Personal information
- Native name: Seán Mac Diarmada (Irish)
- Born: Curraha, County Meath

Sport
- Sport: Gaelic football
- Position: Midfield

Clubs
- Years: Club
- Curraha Skryne

Inter-county
- Years: County
- 1991–2001: Meath

Inter-county titles
- Leinster titles: 4
- All-Irelands: 2
- All Stars: 3

= John McDermott (Gaelic footballer) =

Irish Gaelic footballer

John McDermott is a former Irish Gaelic footballer who played for the Meath county team. He won a number of inter-county football titles, during the 1990s, on the Meath teams managed by Sean Boylan. For Meath, he played in the midfield position.

==Playing career==
===Club===
McDermott played club football first for Curraha and later Skryne.

===Inter-county===
McDermott was on the Meath panel that reached the 1991 All-Ireland Senior Football Championship Final. He had to be taken off injured in Meath's surprising first round loss to Laois in 1992. He was lucky not to be sent off in the 1996 All-Ireland Senior Football Championship Final.

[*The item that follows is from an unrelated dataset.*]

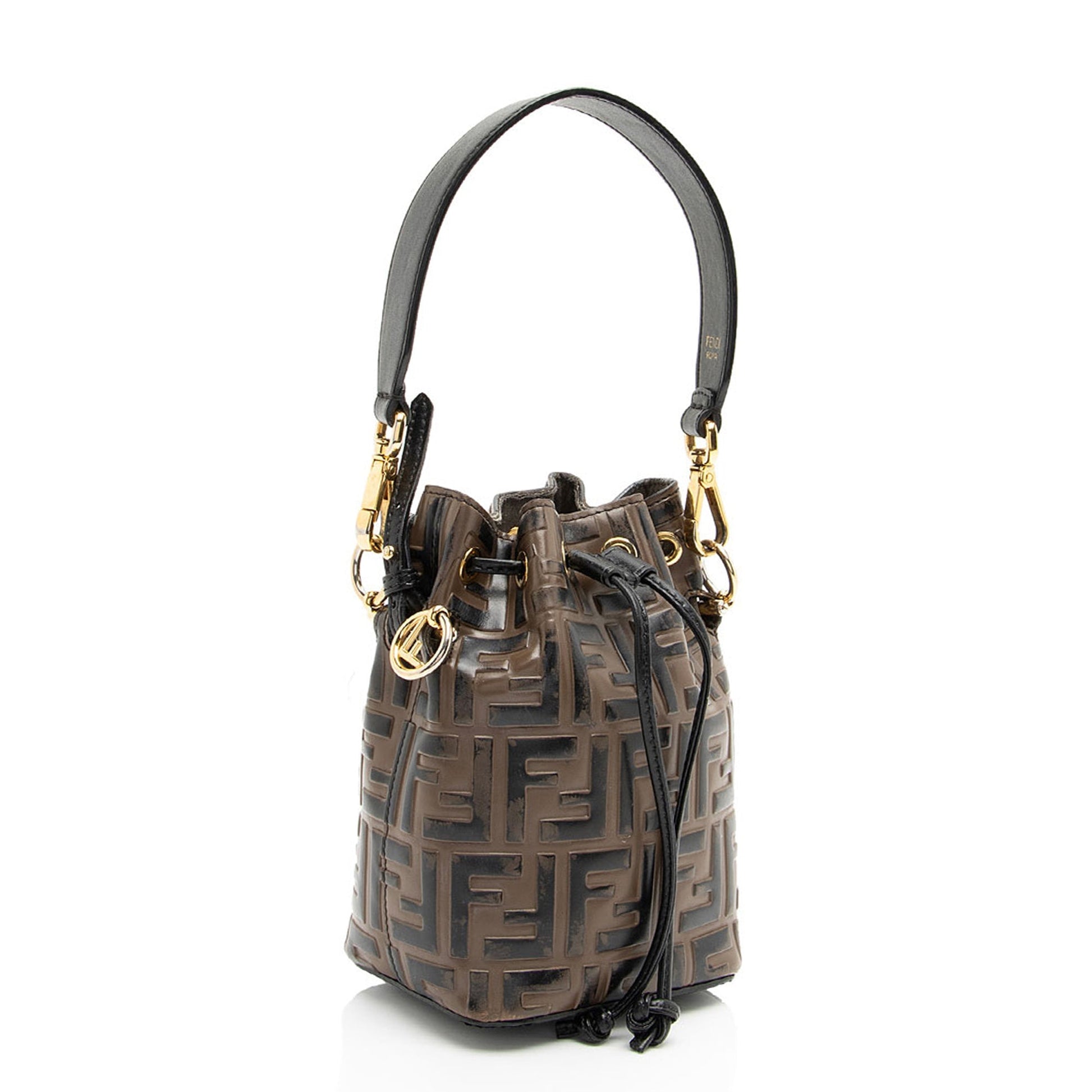 Fendi Ff Calfskin Mon Tresor Bag Final Sale Shf Mini Embossed Bucket Crossbody Bag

During his playing career, he won two All-Ireland Senior Football Championship medals (1996, 1999), as well as three Leinster Senior Football Championship medals and one National Football League medal. He also won 2 All Star awards. He retired after the 2000 season but returned for the All-Ireland series of the 2001 season.

===International rules===
As well as playing for Meath, McDermott played in several matches against Australia in the International Rules Series. He was made the captain of the Irish team in 1998 and 1999.